▸ **Data for the task**:
##########

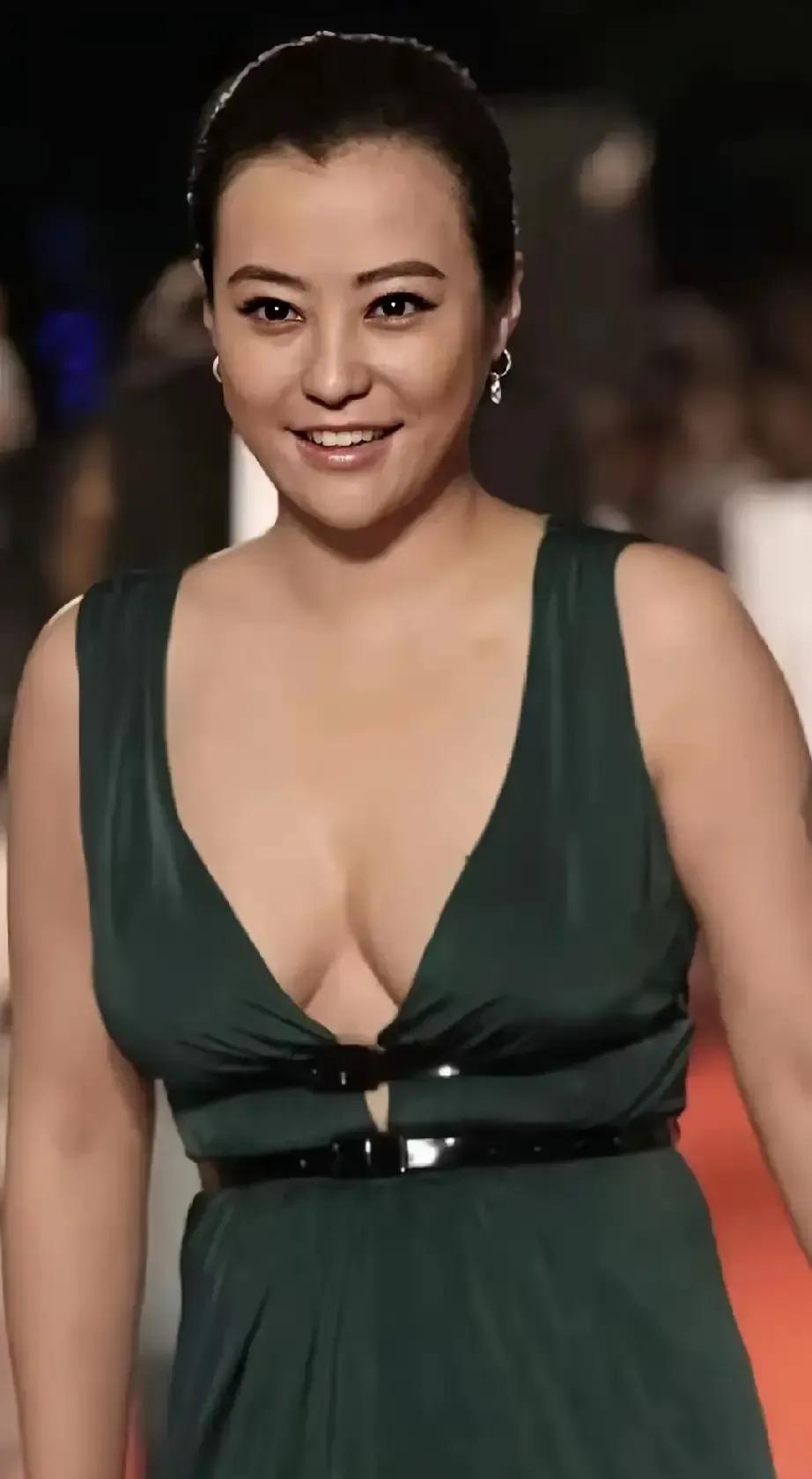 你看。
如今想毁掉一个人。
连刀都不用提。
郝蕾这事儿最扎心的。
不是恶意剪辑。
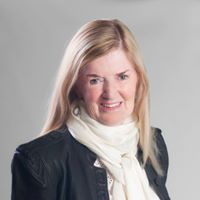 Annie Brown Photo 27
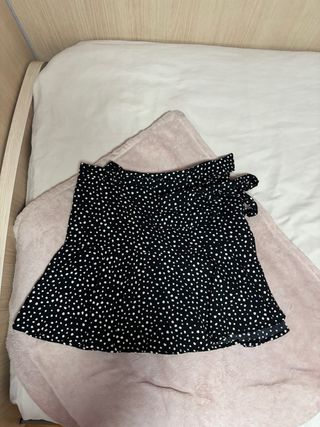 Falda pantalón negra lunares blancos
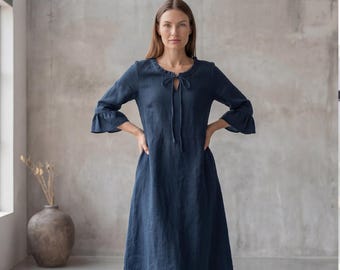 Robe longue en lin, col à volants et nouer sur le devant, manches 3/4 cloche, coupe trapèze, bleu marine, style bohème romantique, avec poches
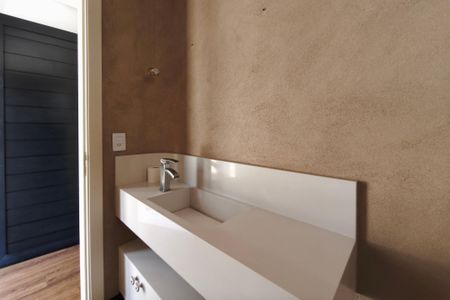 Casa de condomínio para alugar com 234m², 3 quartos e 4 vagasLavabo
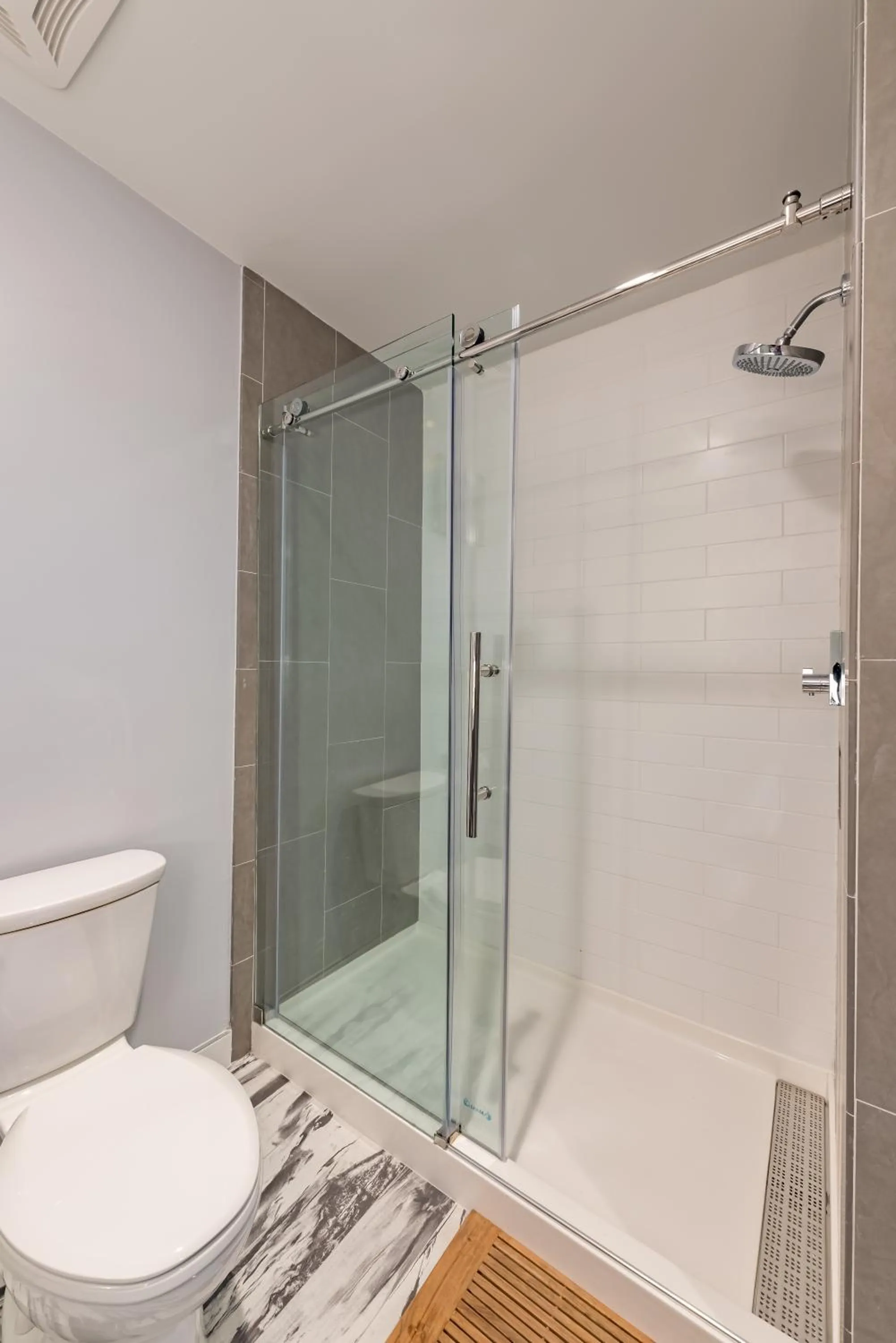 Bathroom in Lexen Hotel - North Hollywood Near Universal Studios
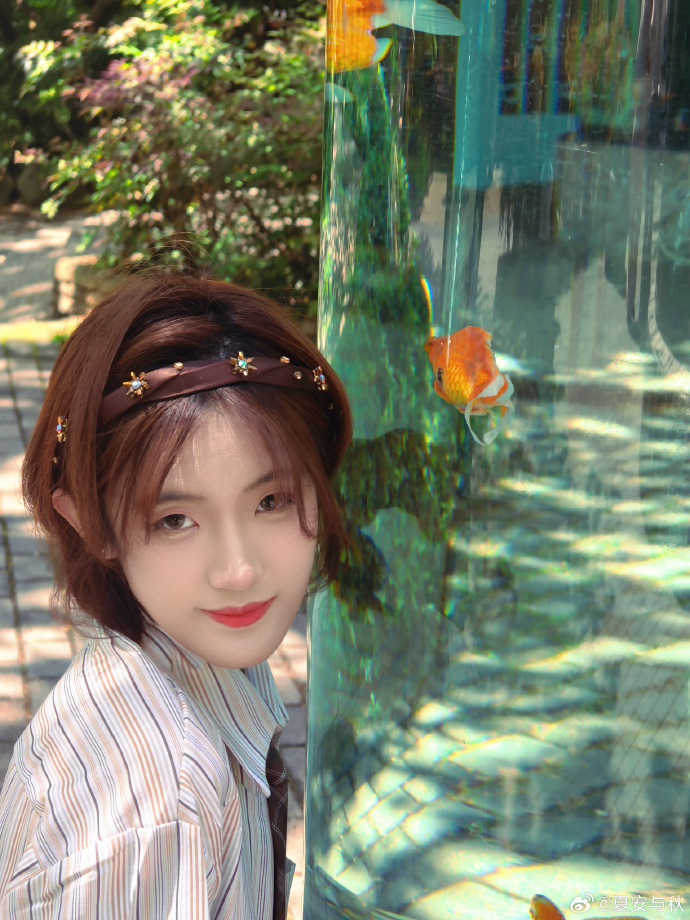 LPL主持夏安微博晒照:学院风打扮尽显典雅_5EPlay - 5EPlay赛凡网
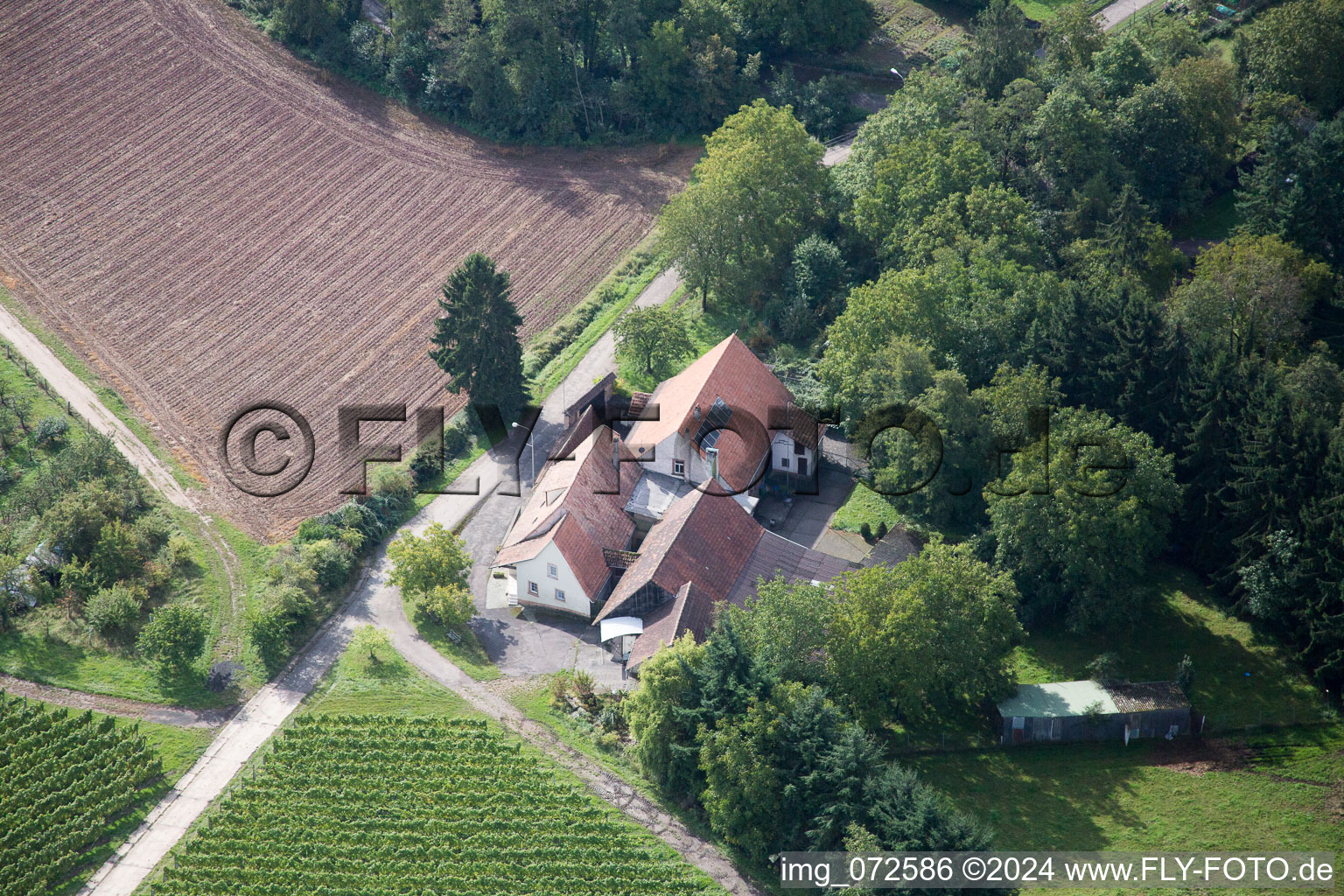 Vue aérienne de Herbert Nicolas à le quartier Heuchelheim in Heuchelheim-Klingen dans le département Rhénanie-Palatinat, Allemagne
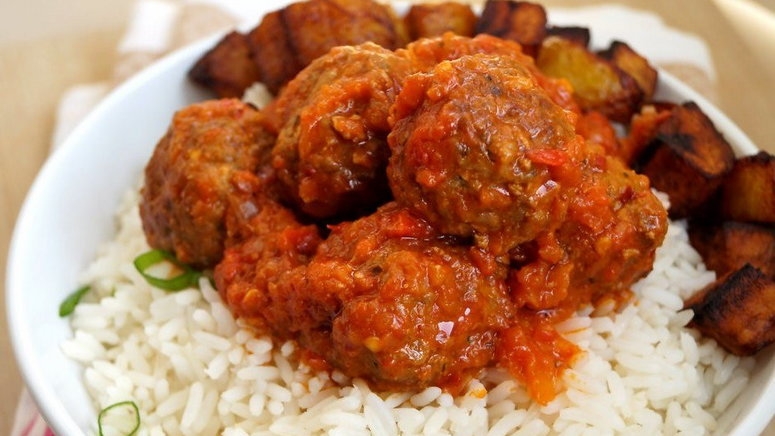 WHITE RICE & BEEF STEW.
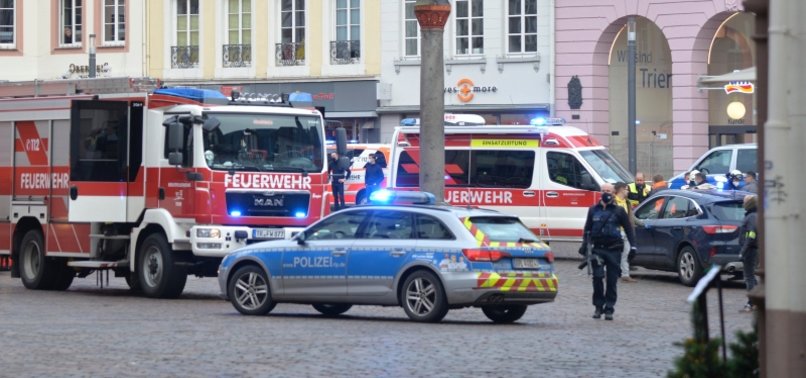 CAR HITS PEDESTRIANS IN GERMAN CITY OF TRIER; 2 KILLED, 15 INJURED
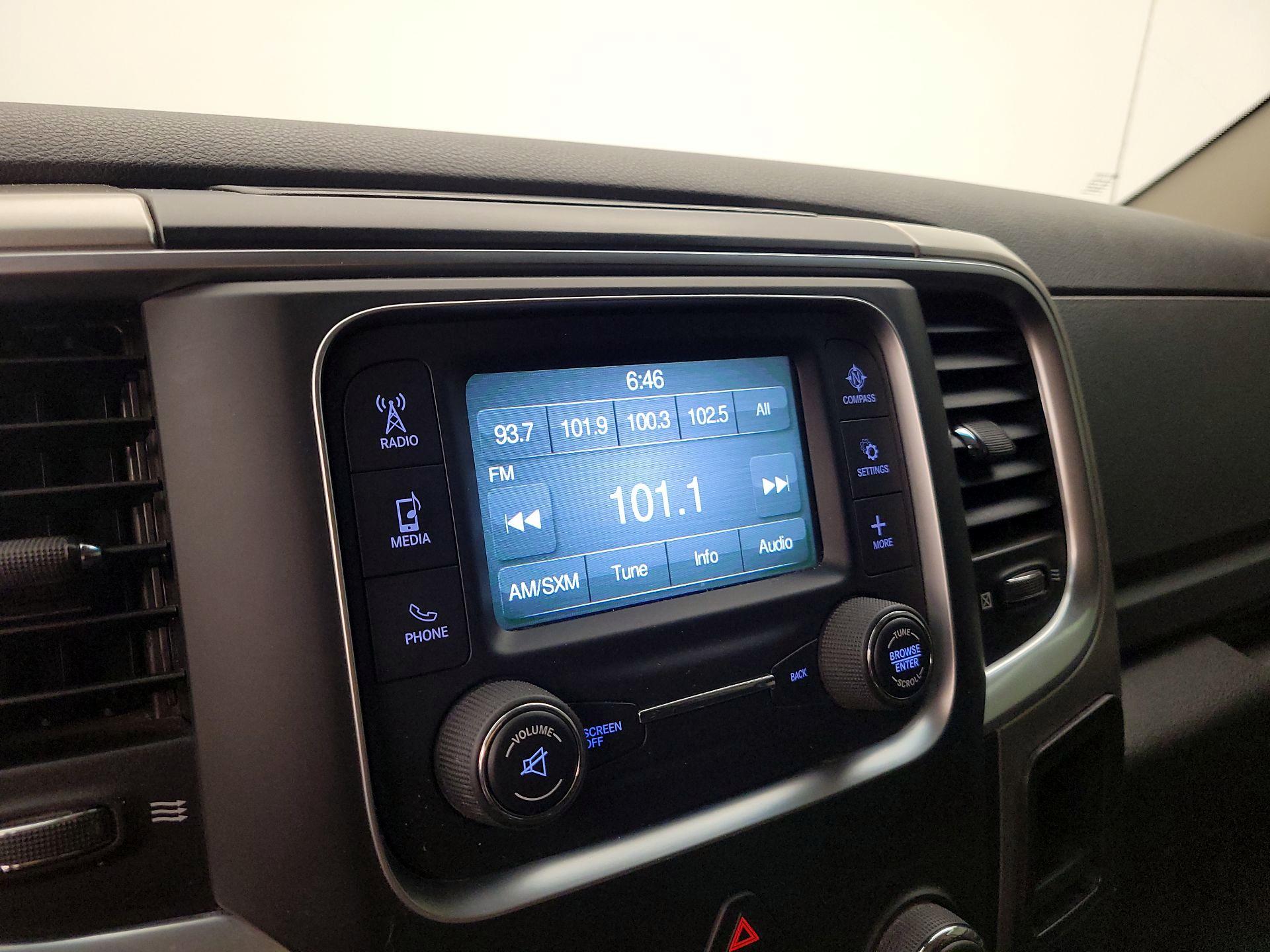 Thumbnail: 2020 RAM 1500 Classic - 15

##########

▸ **Your task**:
What is needed is a word-for-word copy of the data above, free of any images.

▸ **Task output**:
 你看。
如今想毁掉一个人。
连刀都不用提。
郝蕾这事儿最扎心的。
不是恶意剪辑。
 Annie Brown Photo 27
 Falda pantalón negra lunares blancos
 Robe longue en lin, col à volants et nouer sur le devant, manches 3/4 cloche, coupe trapèze, bleu marine, style bohème romantique, avec poches
 Casa de condomínio para alugar com 234m², 3 quartos e 4 vagasLavabo
 Bathroom in Lexen Hotel - North Hollywood Near Universal Studios
 LPL主持夏安微博晒照:学院风打扮尽显典雅_5EPlay - 5EPlay赛凡网
 Vue aérienne de Herbert Nicolas à le quartier Heuchelheim in Heuchelheim-Klingen dans le département Rhénanie-Palatinat, Allemagne
 WHITE RICE & BEEF STEW.
 CAR HITS PEDESTRIANS IN GERMAN CITY OF TRIER; 2 KILLED, 15 INJURED
 Thumbnail: 2020 RAM 1500 Classic - 15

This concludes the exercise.